> [Task requirements]: The whole listing below, with no pictures, is to be repeated as it stands.

> [Dataset records]:
● ● ● ● ●

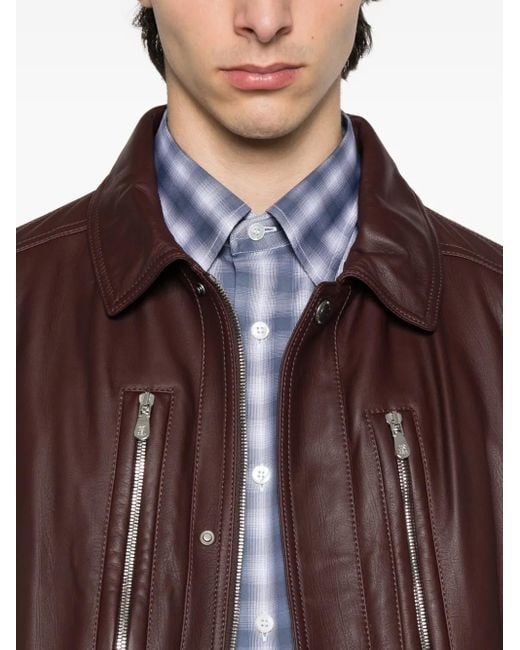 メンズ Brunello Cucinelli ジップアップ レザージャケット Brown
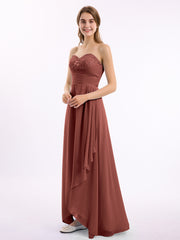 Strapless Sweetheart neck Long Dress with Beaded Terracotta Plus Size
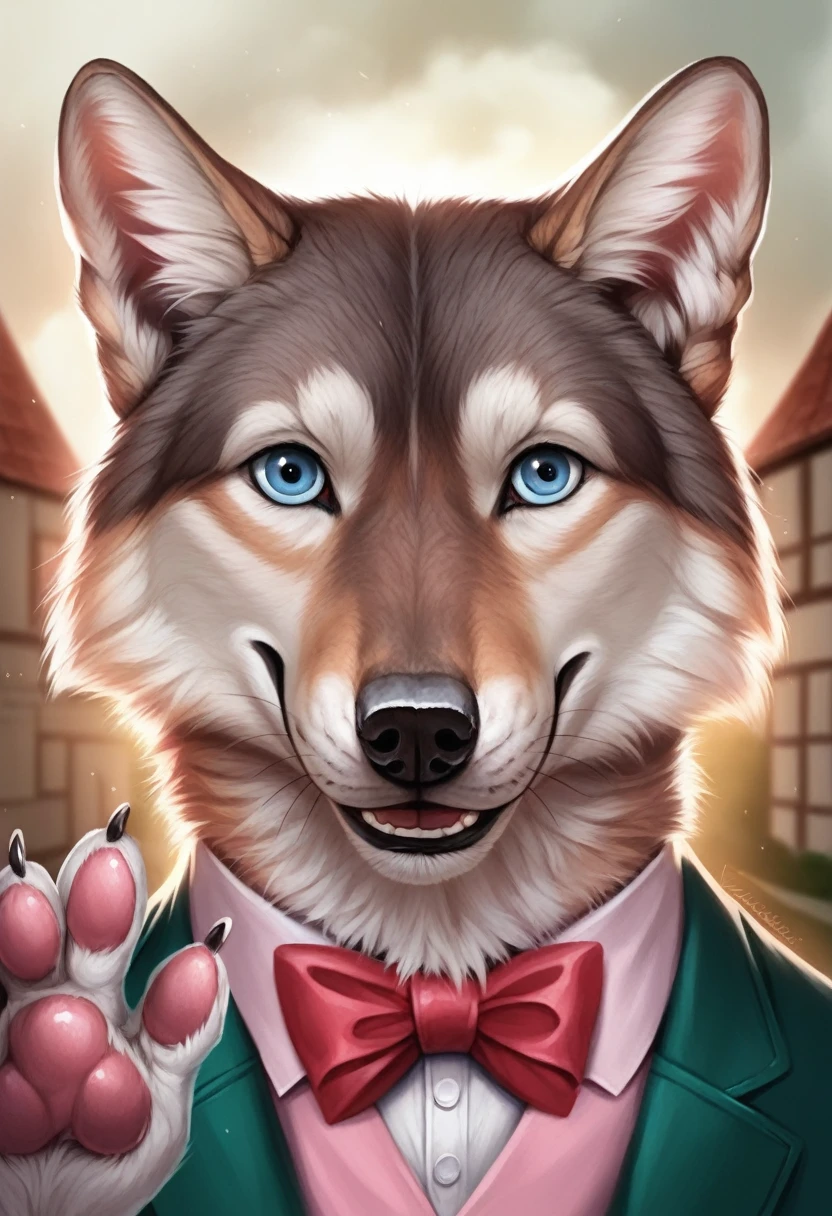 Larry (Zveropolis), wolf, gray fur, (brown body:1.3), beautiful blue eyes, Zveropolis, dressed,blazer,pink shirt,trousers,bow tie, canine,wolf, Detailed fur, male, antro, paw pads, finger claws,одевает bow tie, Plays,at viewer, 5 fingers, paws, 4 toes, in the marriage palace, groom, next to stepfather, белый wolf, 
BREAK from nextel, for dating, by xenoforge, (difficult, high detail,digital photography, soft focus, RAW, close to the camera, smile, positive, good, mood, Houses, looks at the viewer, очень close to the camera,Opera singer, 
Photorealism, realistic, photorealistic,digital style, Subsurface scattering,очень close to the camera
шедевр, Best quality, ultra realistic, 8 k)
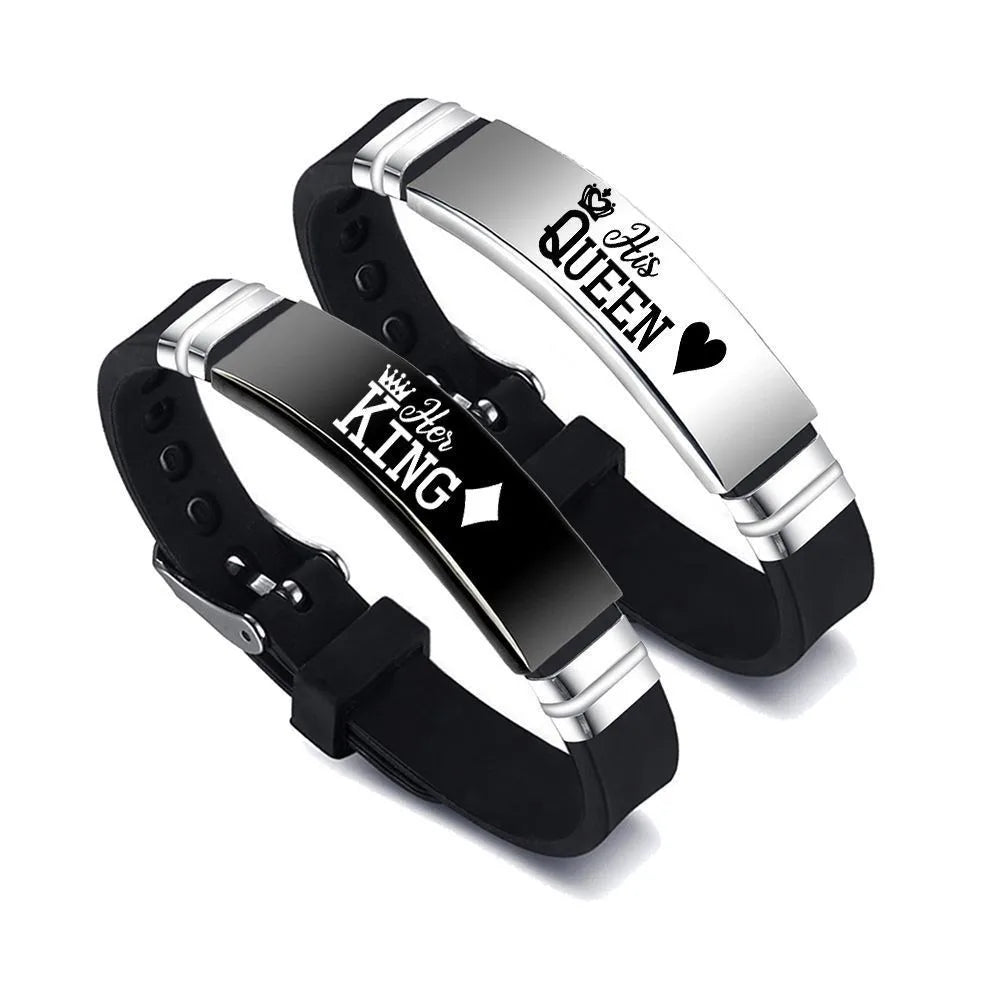 2Pcs/Set His Queen Her King Couple Bracelet Stainless Steel Adjustable Silicone Strap Bangle Valentine's Day Custom Jewelry Gift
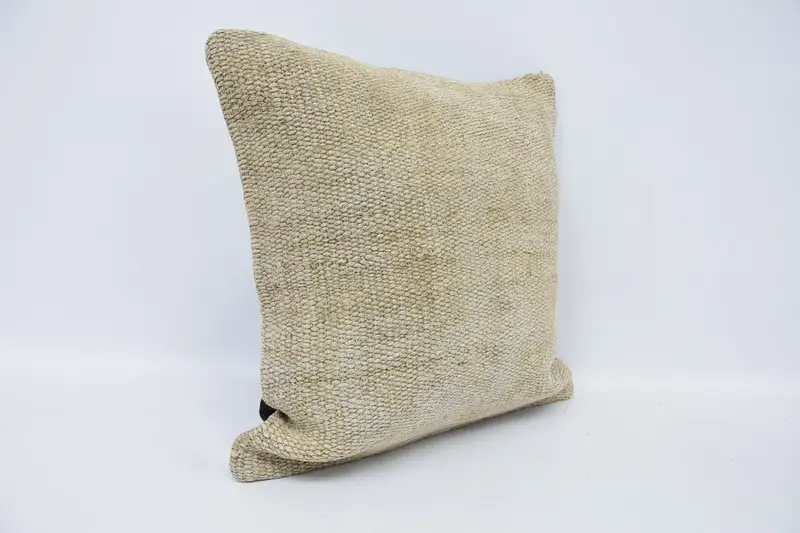 Pillow Cover, Office Chair Cushion, Kilim Cushion Sham, Floor Pillow Cover, 18x18 Beige Pillow Case, Throw Kilim Pillow, Home Decor Pillow - 3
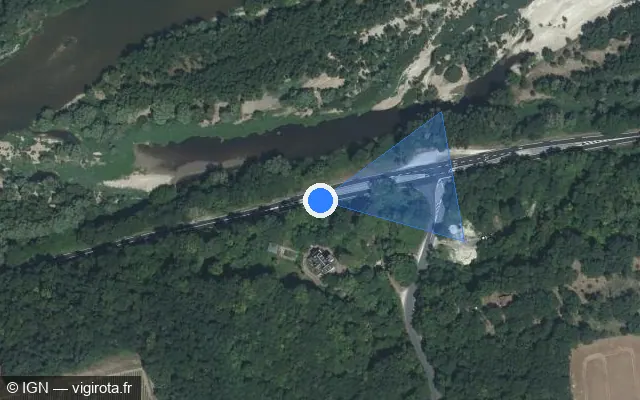 Vue satellite de l'emplacement du radar tourelle à Lussault-sur-Loire sur D 751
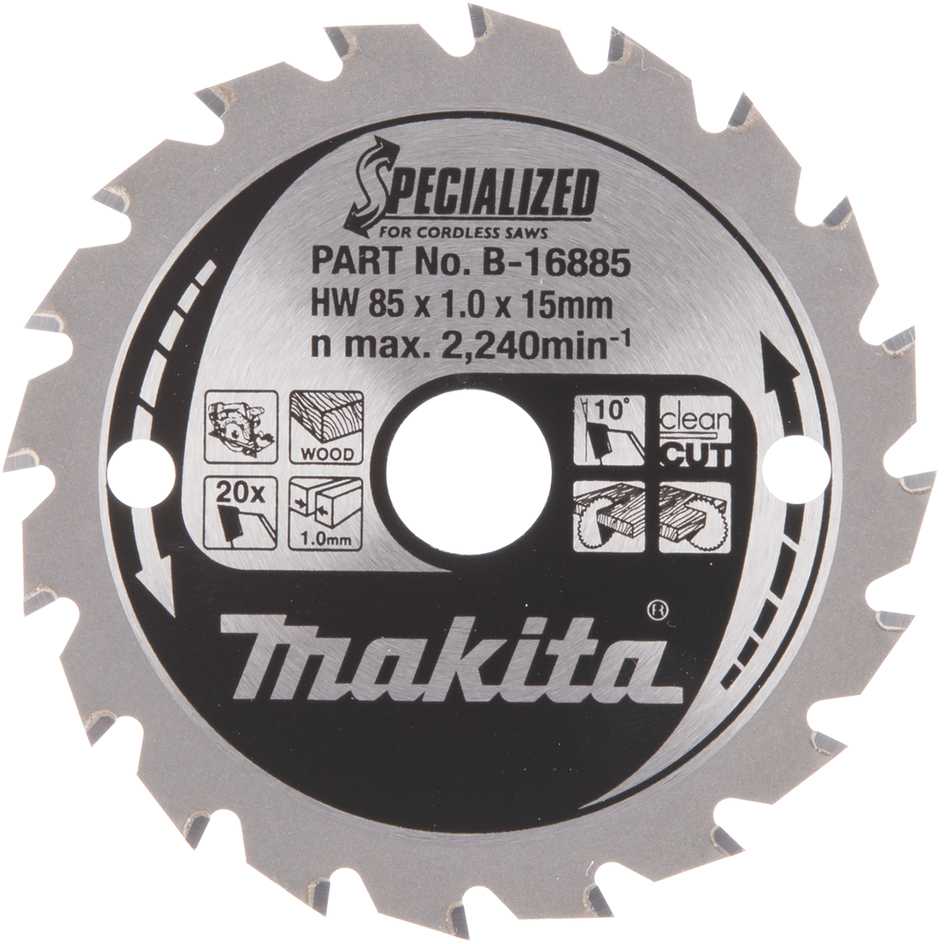 Makita T.C.T. pjūklas SPECIALIZED 85X1X15mm 10° T20 B-16885 T.C.T • 85 x15 mm • T20 • 10° • Medienai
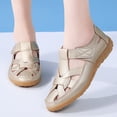 thumbnail image 3 of EKVAHL Women's Closed Toe Fisherman Sandals, Leather Cutout Ankle Strap Non-Slip Wedges, Orthopedic Arch Support Beach Summer Walking Shoes Gold, 3 of 4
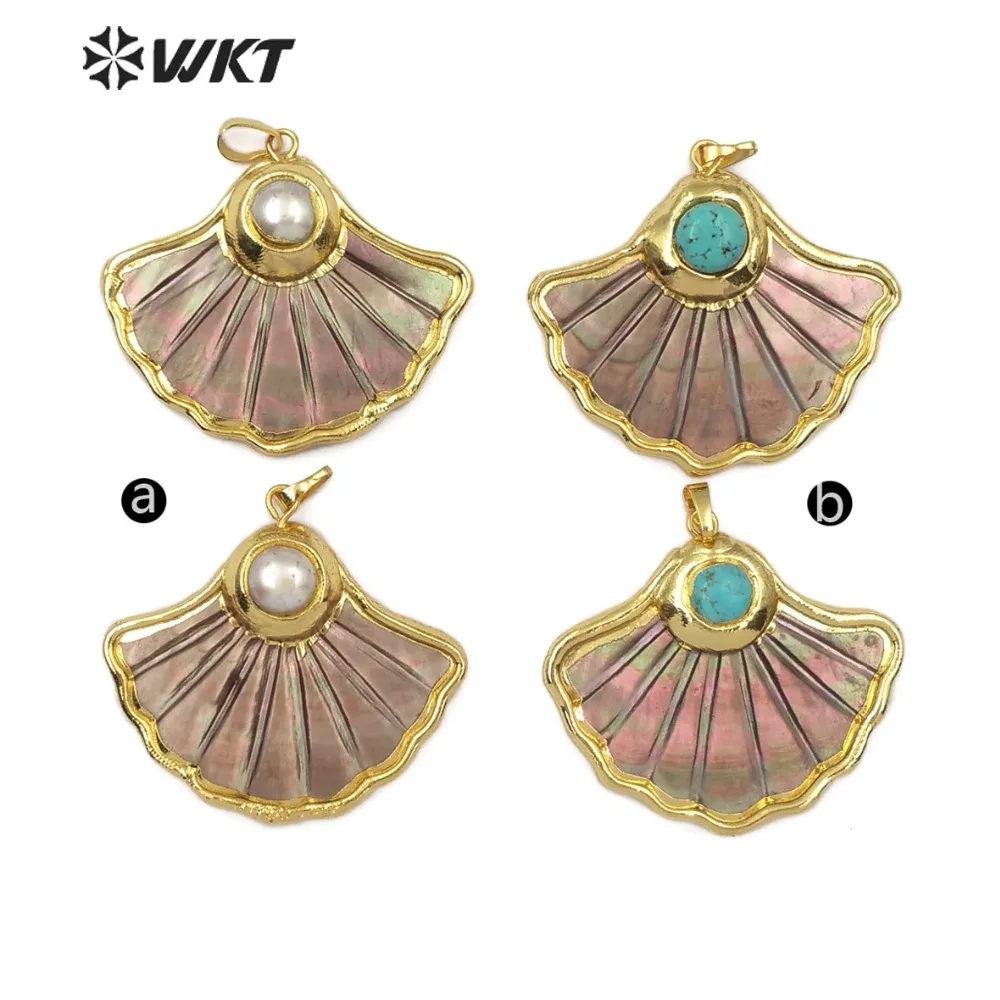 WT-JP102 Bohemian Style Natural Black Shell Fan-Shape Pendant With Gold Decoration For Handmade  Jewelry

● ● ● ● ●

> [Response box]:
 メンズ Brunello Cucinelli ジップアップ レザージャケット Brown
 Strapless Sweetheart neck Long Dress with Beaded Terracotta Plus Size
 Larry (Zveropolis), wolf, gray fur, (brown body:1.3), beautiful blue eyes, Zveropolis, dressed,blazer,pink shirt,trousers,bow tie, canine,wolf, Detailed fur, male, antro, paw pads, finger claws,одевает bow tie, Plays,at viewer, 5 fingers, paws, 4 toes, in the marriage palace, groom, next to stepfather, белый wolf, 
BREAK from nextel, for dating, by xenoforge, (difficult, high detail,digital photography, soft focus, RAW, close to the camera, smile, positive, good, mood, Houses, looks at the viewer, очень close to the camera,Opera singer, 
Photorealism, realistic, photorealistic,digital style, Subsurface scattering,очень close to the camera
шедевр, Best quality, ultra realistic, 8 k)
 2Pcs/Set His Queen Her King Couple Bracelet Stainless Steel Adjustable Silicone Strap Bangle Valentine's Day Custom Jewelry Gift
 Pillow Cover, Office Chair Cushion, Kilim Cushion Sham, Floor Pillow Cover, 18x18 Beige Pillow Case, Throw Kilim Pillow, Home Decor Pillow - 3
 Vue satellite de l'emplacement du radar tourelle à Lussault-sur-Loire sur D 751
 Makita T.C.T. pjūklas SPECIALIZED 85X1X15mm 10° T20 B-16885 T.C.T • 85 x15 mm • T20 • 10° • Medienai
 thumbnail image 3 of EKVAHL Women's Closed Toe Fisherman Sandals, Leather Cutout Ankle Strap Non-Slip Wedges, Orthopedic Arch Support Beach Summer Walking Shoes Gold, 3 of 4
 WT-JP102 Bohemian Style Natural Black Shell Fan-Shape Pendant With Gold Decoration For Handmade  Jewelry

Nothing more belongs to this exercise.